Documentation

Overview

    Package reassembly provides TCP stream re-assembly.

    The reassembly package implements uni-directional TCP reassembly, for use in packet-sniffing applications. The caller reads packets off the wire, then presents them to an Assembler in the form of gopacket layers.TCP packets (github.com/google/gopacket, github.com/google/gopacket/layers).

    The Assembler uses a user-supplied StreamFactory to create a user-defined Stream interface, then passes packet data in stream order to that object. A concurrency-safe StreamPool keeps track of all current Streams being reassembled, so multiple Assemblers may run at once to assemble packets while taking advantage of multiple cores.

    TODO: Add simplest example

    Index

    Constants

    View Source
    const (
    	TCPStateClosed      = 0
    	TCPStateSynSent     = 1
    	TCPStateEstablished = 2
    	TCPStateCloseWait   = 3
    	TCPStateLastAck     = 4
    	TCPStateReset       = 5
    )

      Internal values of state machine

      Variables

      View Source
      var DefaultAssemblerOptions = AssemblerOptions{
      	MaxBufferedPagesPerConnection: 0,
      	MaxBufferedPagesTotal:         0,
      }

        DefaultAssemblerOptions provides default options for an assembler. These options are used by default when calling NewAssembler, so if modified before a NewAssembler call they'll affect the resulting Assembler.

        Note that the default options can result in ever-increasing memory usage unless one of the Flush* methods is called on a regular basis.

        Functions

        This section is empty.

        Types

        type Assembler

        type Assembler struct {
        	AssemblerOptions
        	// contains filtered or unexported fields
        }

        Assembler handles reassembling TCP streams. It is not safe for concurrency... after passing a packet in via the Assemble call, the caller must wait for that call to return before calling Assemble again. Callers can get around this by creating multiple assemblers that share a StreamPool. In that case, each individual stream will still be handled serially (each stream has an individual mutex associated with it), however multiple assemblers can assemble different connections concurrently.

        The Assembler provides (hopefully) fast TCP stream re-assembly for sniffing applications written in Go. The Assembler uses the following methods to be as fast as possible, to keep packet processing speedy:

        Avoids Lock Contention

        Assemblers locks connections, but each connection has an individual lock, and rarely will two Assemblers be looking at the same connection. Assemblers lock the StreamPool when looking up connections, but they use Reader locks initially, and only force a write lock if they need to create a new connection or close one down. These happen much less frequently than individual packet handling.

        Each assembler runs in its own goroutine, and the only state shared between goroutines is through the StreamPool. Thus all internal Assembler state can be handled without any locking.

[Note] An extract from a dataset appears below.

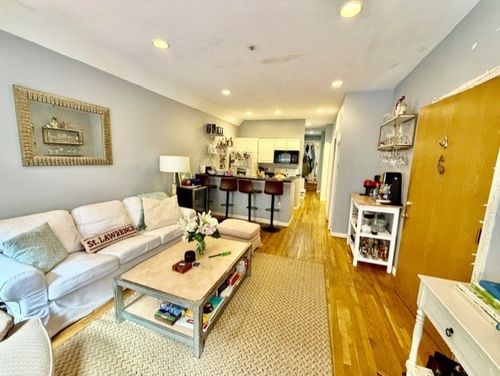 1-17 Thacher St, Boston, MA, 02113-1512 | Card Image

        NOTE: If you can guarantee that packets going to a set of Assemblers will contain information on different connections per Assembler (for example, they're already hashed by PF_RING hashing or some other hashing mechanism), then we recommend you use a seperate StreamPool per Assembler, thus avoiding all lock contention. Only when different Assemblers could receive packets for the same Stream should a StreamPool be shared between them.

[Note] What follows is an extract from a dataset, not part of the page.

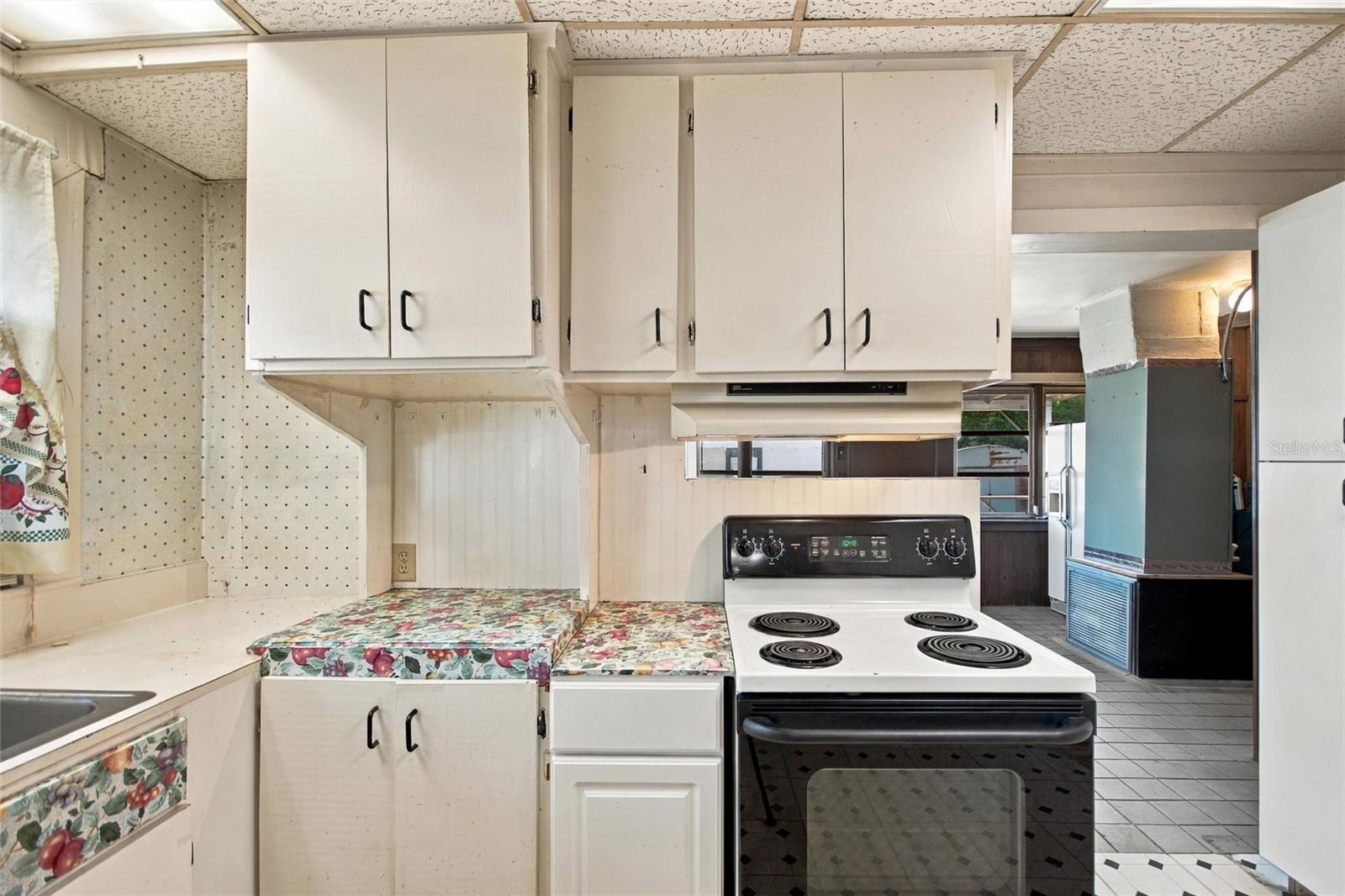 703 36TH STREET W, Bradenton, FL 34205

        Avoids Memory Copying

        In the common case, handling of a single TCP packet should result in zero memory allocations. The Assembler will look up the connection, figure out that the packet has arrived in order, and immediately pass that packet on to the appropriate connection's handling code. Only if a packet arrives out of order is its contents copied and stored in memory for later.

        Avoids Memory Allocation

        Assemblers try very hard to not use memory allocation unless absolutely necessary. Packet data for sequential packets is passed directly to streams with no copying or allocation. Packet data for out-of-order packets is copied into reusable pages, and new pages are only allocated rarely when the page cache runs out. Page caches are Assembler-specific, thus not used concurrently and requiring no locking.

        Internal representations for connection objects are also reused over time. Because of this, the most common memory allocation done by the Assembler is generally what's done by the caller in StreamFactory.New. If no allocation is done there, then very little allocation is done ever, mostly to handle large increases in bandwidth or numbers of connections.

        TODO: The page caches used by an Assembler will grow to the size necessary to handle a workload, and currently will never shrink. This means that traffic spikes can result in large memory usage which isn't garbage collected when typical traffic levels return.

        func NewAssembler

        func NewAssembler(pool *StreamPool) *Assembler

          NewAssembler creates a new assembler. Pass in the StreamPool to use, may be shared across assemblers.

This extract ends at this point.